How do I prove that the continuum hypotheses as stated by George Cantor (There are no sets with cardinality between the cardinality of the real and the cardinality of the rational numbers) is equivalent with:
If $X$ is an uncountable subset of $\mathbb{R}$, there exists a bijection between $X$ and $\mathbb{R}$.
On
To show this the following fact is needed: two sets have the same cardinality if and only if there is a bijection between them.
Suppose that that $X$ is an uncountable set of reals. Its cardinality is therefore larger than the rationals so by CH it must have the same cardinality as the reals. So there is a bijection between $X$ and the reals.

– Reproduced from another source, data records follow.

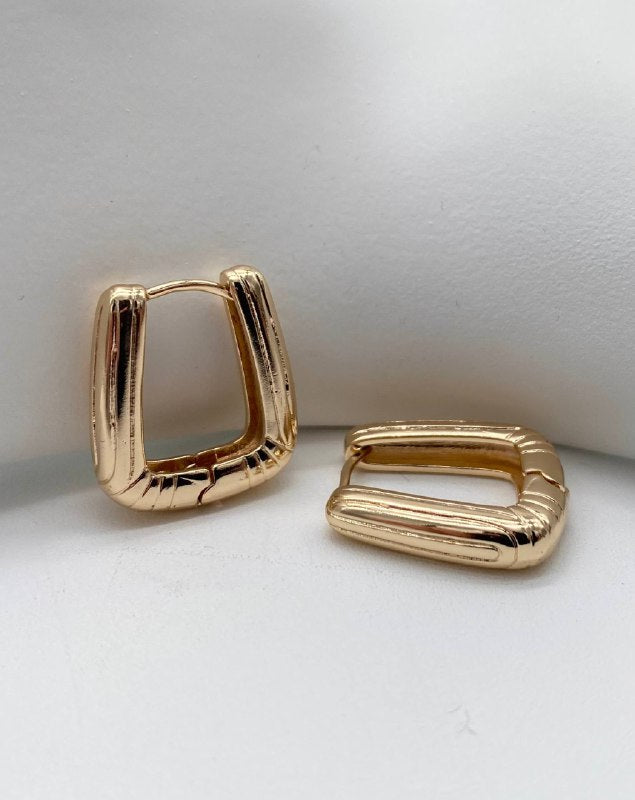 HUGGIE LIENAS CHAPA DE ORO 18K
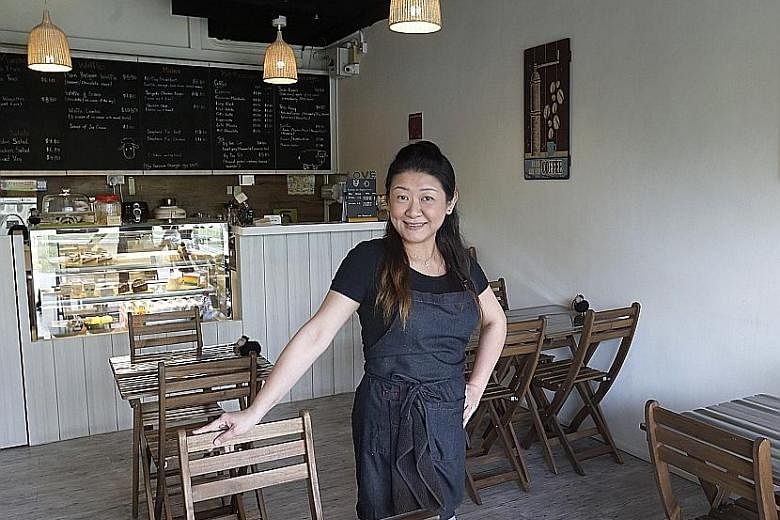 Madam Tan gets just one or two walk-in customers on some days at her cafe in Space @ Kovan. Only about a quarter of the 56 retail spaces at the strata-titled mall have been leased out, nearly two years after it opened.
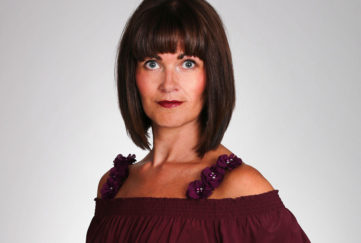 Head and shoulders of model in burgundy blouse, flower trimmed cami straps showing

Conversely if $X$ is a set of reals with cardinality larger than the rationals it must be uncountable, so by the second version of the hypothesis it must biject with, and thus have the same cardinality as R. So there are no subsets of R with cardinality strictly between the rationals and the R.
There is nothing to prove. The two assertions you are comparing are:
There are no sets with cardinality between those of the rational and real numbers.
Every subset of $\mathbb R$ has cardinality either that of $\mathbb Q$ or that of $\mathbb R$.
They say the same. The first one says "there is nothing between A and B", while the second says "if something is between A and B, it should be either A or B".